● **Directions**: Aside from the pictures, the entries should be given again exactly.

● **Records for the exercise**:
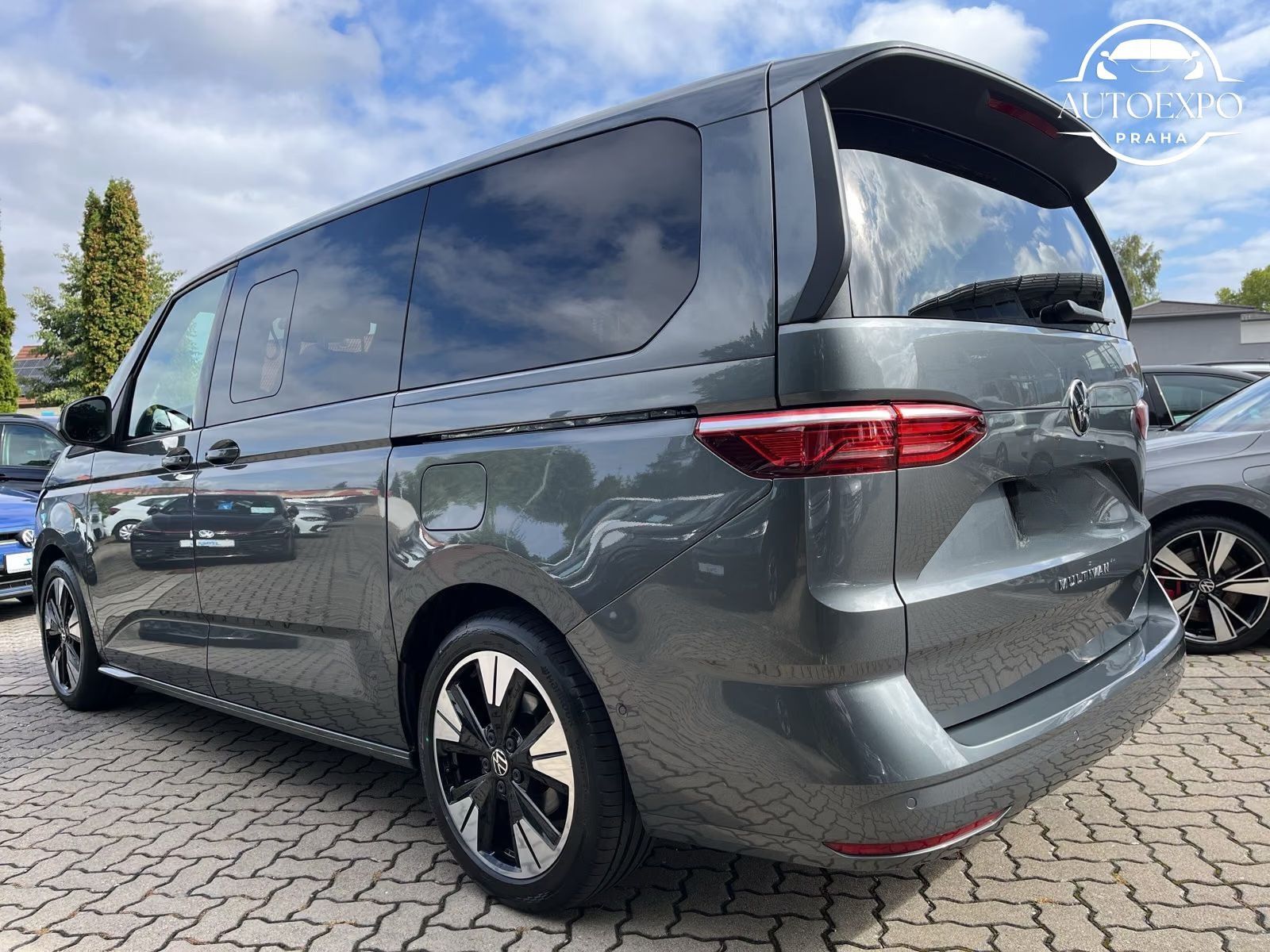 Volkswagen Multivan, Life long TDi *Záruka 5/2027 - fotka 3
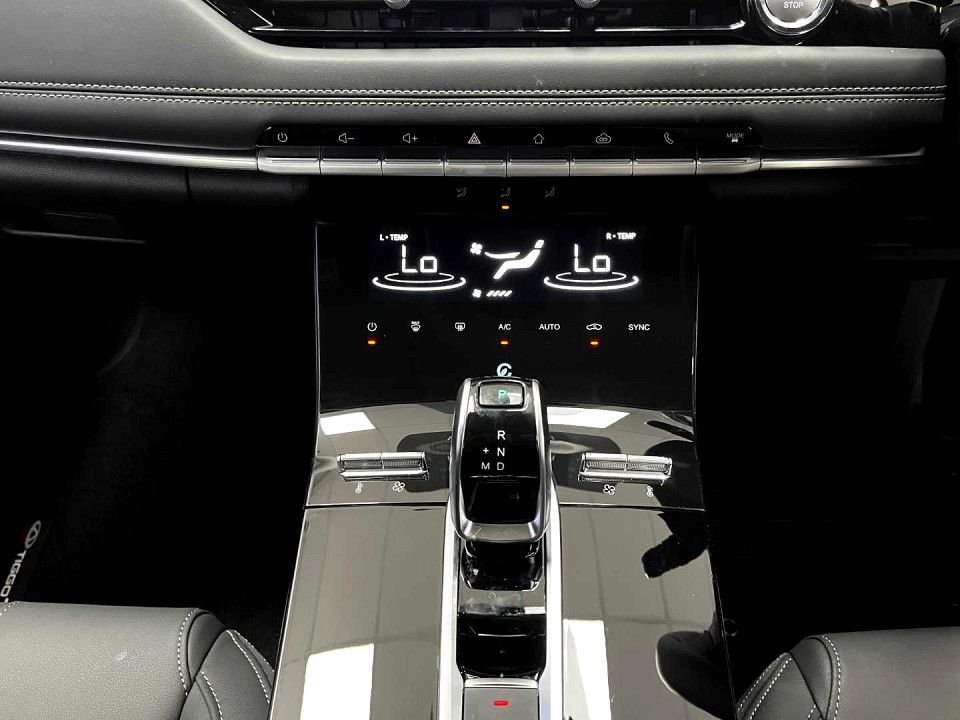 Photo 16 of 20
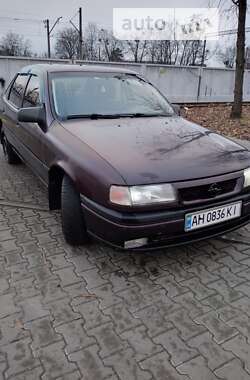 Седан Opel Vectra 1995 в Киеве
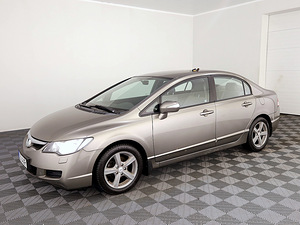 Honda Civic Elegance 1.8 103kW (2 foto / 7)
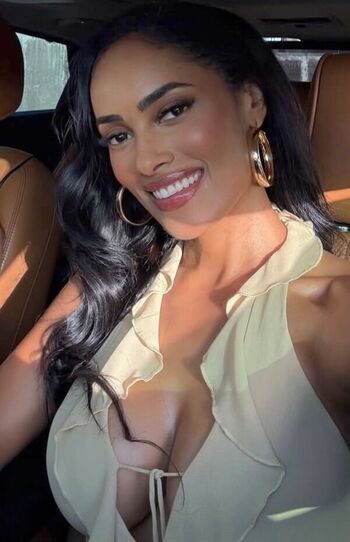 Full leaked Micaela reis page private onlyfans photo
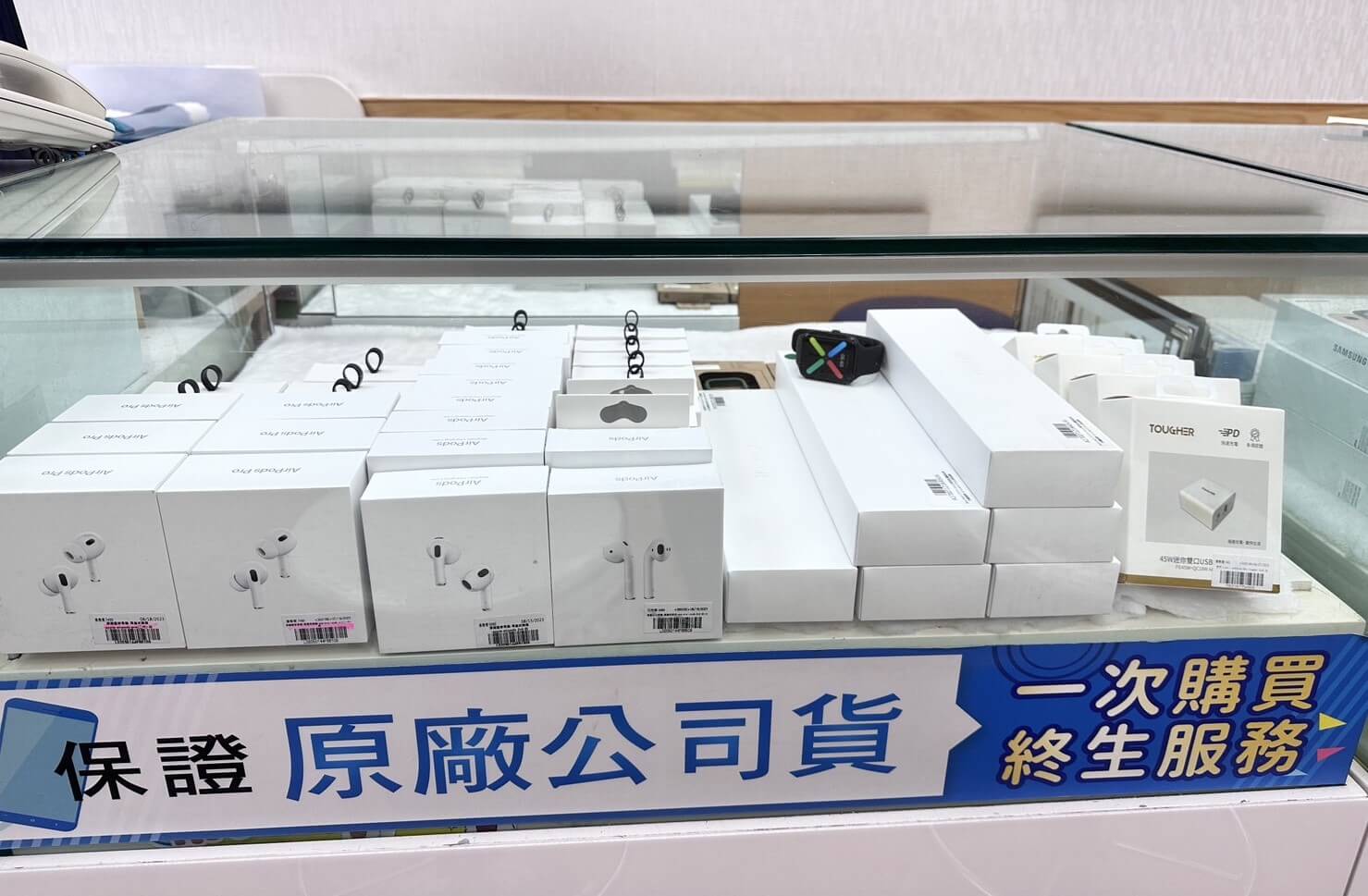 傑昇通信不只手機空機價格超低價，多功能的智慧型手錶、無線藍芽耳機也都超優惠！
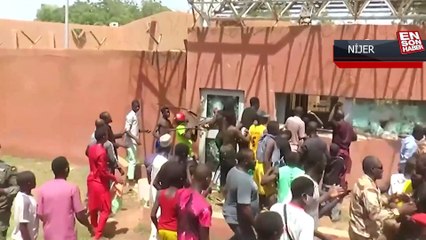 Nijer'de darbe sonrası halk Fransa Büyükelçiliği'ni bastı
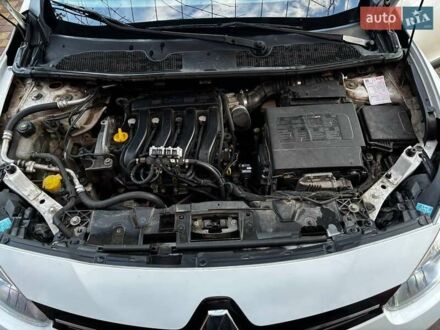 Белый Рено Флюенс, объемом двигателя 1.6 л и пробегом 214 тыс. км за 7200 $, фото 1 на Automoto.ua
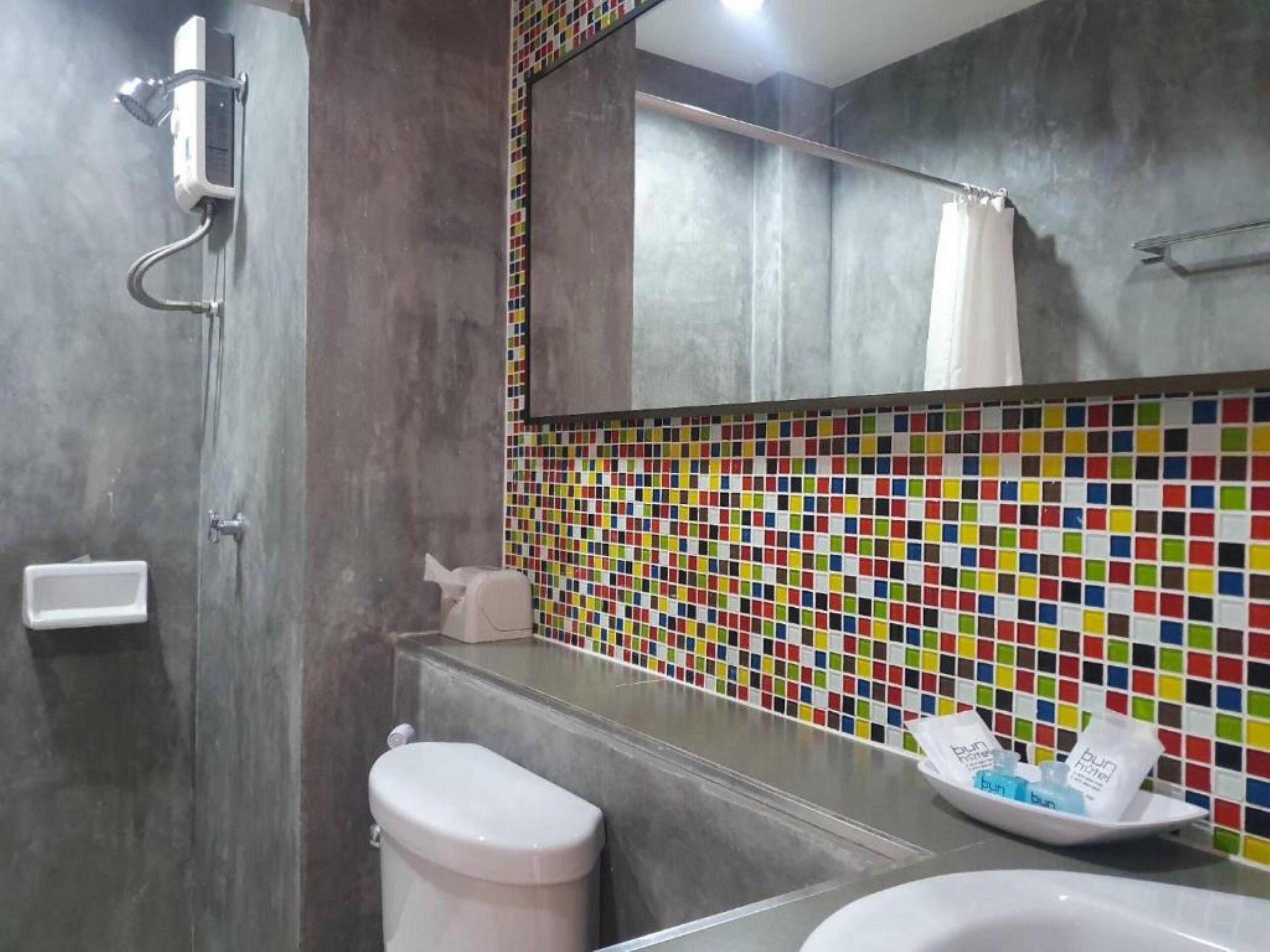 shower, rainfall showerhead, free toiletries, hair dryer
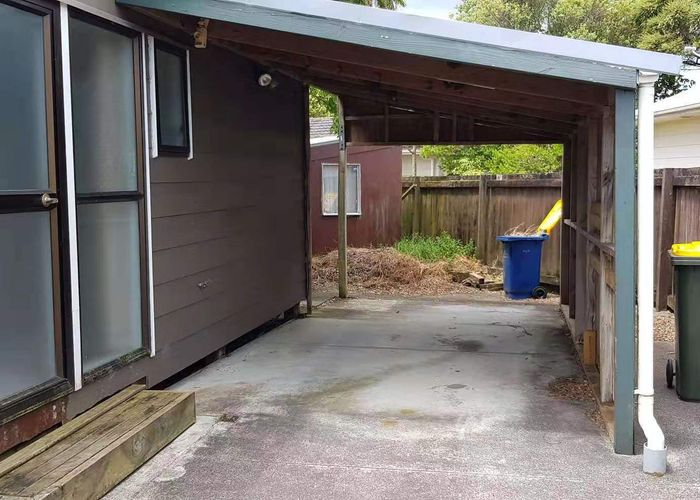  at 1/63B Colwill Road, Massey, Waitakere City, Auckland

● **Result of this exercise**:
 Volkswagen Multivan, Life long TDi *Záruka 5/2027 - fotka 3
 Photo 16 of 20
 Седан Opel Vectra 1995 в Киеве
 Honda Civic Elegance 1.8 103kW (2 foto / 7)
 Full leaked Micaela reis page private onlyfans photo
 傑昇通信不只手機空機價格超低價，多功能的智慧型手錶、無線藍芽耳機也都超優惠！
 Nijer'de darbe sonrası halk Fransa Büyükelçiliği'ni bastı
 Белый Рено Флюенс, объемом двигателя 1.6 л и пробегом 214 тыс. км за 7200 $, фото 1 на Automoto.ua
 shower, rainfall showerhead, free toiletries, hair dryer
  at 1/63B Colwill Road, Massey, Waitakere City, Auckland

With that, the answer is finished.